В небольшой и уютной гостиничной зале, оформленной непритязательно, хотя и не совсем по-старинному, собрались, кроме самой барыни – Полины Прокофьевны, Ани и её сестры Ксюши, управляющий имением, лекарь, учитель-француз и приказчик.
Ждали ещё священника местного прихода и корнета – от занимавшей село группы жандармерии, но те не появились.
Общество удостоило Алекса повышенной внимательностью и простым трогательным обхождением, что следовало соотнести как с его известностью и знакомством с ним владетельного семейства зимой в белокаменной, так и с фактом его нахождения в усадьбе в качестве единственного на данный смутный момент гостя и не какого-то, а – представляющего таинственный по периферийным понятиям свет самой столицы.

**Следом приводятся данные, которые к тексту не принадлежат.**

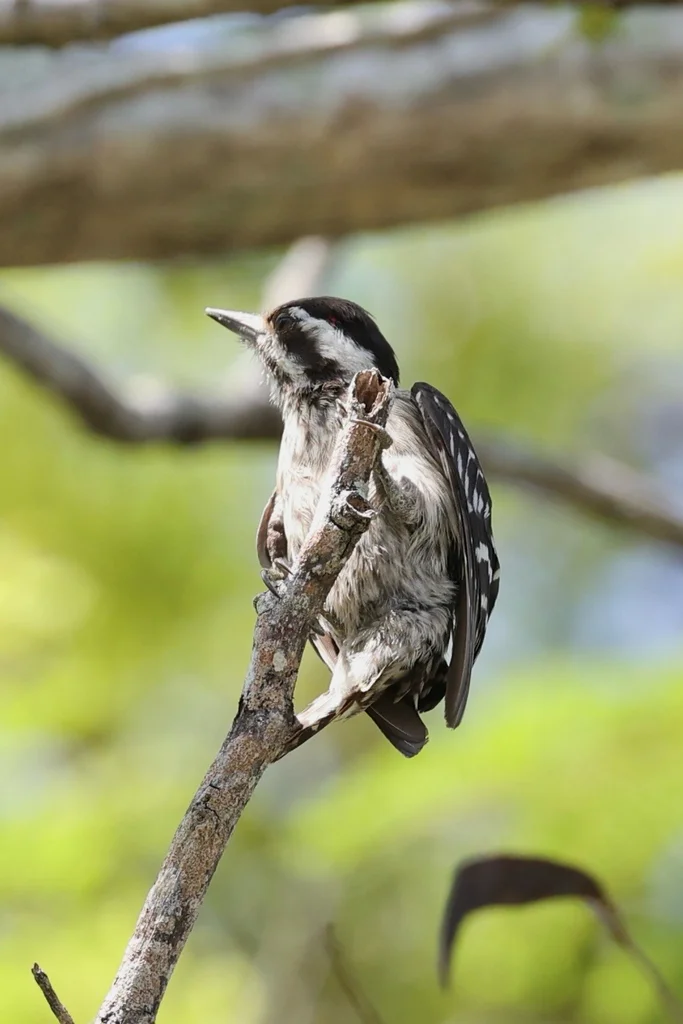 巽他啄木鸟(Yungipicus moluccensis)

Место Алексу за столом было отведено по соседству с Аней справа и её сестрой слева. Все остальные разместились напротив них. Барыня сидела в центре – прямо перед заезжим поэтом.
Она была бледна той нескрываемой бледностью, за которой проступали черты очередной для неё и уже, возможно, заключающей степени быстрого постарения. Было видно, что она подавлена скрытой обеспокоенностью и это же состояние, но только в стыдливой для себя форме замечает в её дочерях.
Общение проходило в той распространённой повсюду среди дворян консолидирующей домашней атмосфере, когда допускалось свободное присутствие здесь любого из господских поколений и каждый, кто их представлял, мог дополнить обсуждаемое своим рассказом, спрашивать и надеяться на ответ о спрошенном, однако – лишь в тех жёстких рамках, когда заводить речь о чём-то, касавшемся деловой сферы, хотя и не считалось непозволительным, но именно таким ему позволялось быть.
Чувствовалось, что Полина Прокофьевна, обременённая переживаниями, связанными с постигшими имение передрягами, а также обязанностью ещё и хозяйки стола, вынужденной заботиться о соблюдении ритуала приёма блюд, старательно ограничивает разрастание возникшей здесь оживлённой беседы – явно из желания опустить нечто в ней более значительное или – переместить в другое время. Это удавалось ей, конечно, с трудом, поскольку нельзя было совсем приглушить изощрённой любознательности и пылкости прежде всего её дочек, устремляемых на что угодно, где дозволенное легко растворялось или было рядом с противоположным, – хотя оно и умещалось в той же устоявшейся степени общесословной тактичности и здравомыслия.
Аня и Ксюша более других имели чем блеснуть перед поэтом, удивляя его отменным познанием содержания и особенностей его поэтического творчества, подкреплявшимся хотя и кратким, но прочно закрепившимся в их памяти непосредственным общением с автором ещё в Москве, чем они, провинциалки, имели право по-особенному гордиться и готовы были без конца делиться с кем угодно.